The attorneys argue that their lawsuit against Buckingham and the state of Ohio has a sound basis in law.
One of the arguments used by Buckingham to seek sanctions is that the Corps is still pursuing claims in the lawsuit that were already decided when the judge denied the Corps a temporary restraining order that would have prevented the mining while the lawsuit is pending.
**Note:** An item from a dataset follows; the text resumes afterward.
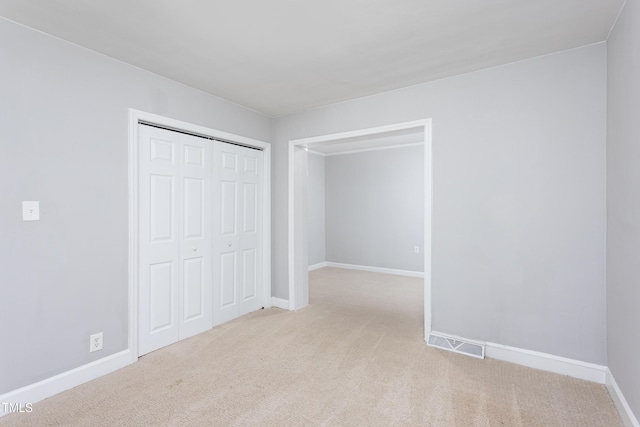 2801 E Shoreham St, Durham, NC 27707 - unfurnished bedroom featuring carpet floors and a closet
After the restraining order was denied, Buckingham completed mining the corridor.
Attorneys for the Corps counter that the judge has not yet decided the merits of their lawsuit, and that the ruling on the temporary restraining order cannot be used as a basis for sanctions.
Buckingham, in seeking the court-ordered sanctions, also argued that the Corps has been shifting its positions “when one claim or another has been exposed as devoid of any basis in fact or law.”
One of those shifting positions, according to Buckingham, is that the Corps of Engineers is now asserting that the Flood Control Acts of 1936 and 1944 prohibit all coal mining beneath flood control projects.
In its response, the Corps asserts that Buckingham is misrepresenting the Corps’ position.
“The United States has never argued in this case that coal mining at federal flood control projects is always prohibited,” the response states. “Instead, the United States pointed out that the coal interests at this project were deemed necessary for project purposes and were funded and obtained for project purposes.”
The Corps argues that the state gave Buckingham permission to mine without clearing it with the Corps and without giving the Corps an opportunity to assess beforehand whether the mining would be consistent with flood control purposes.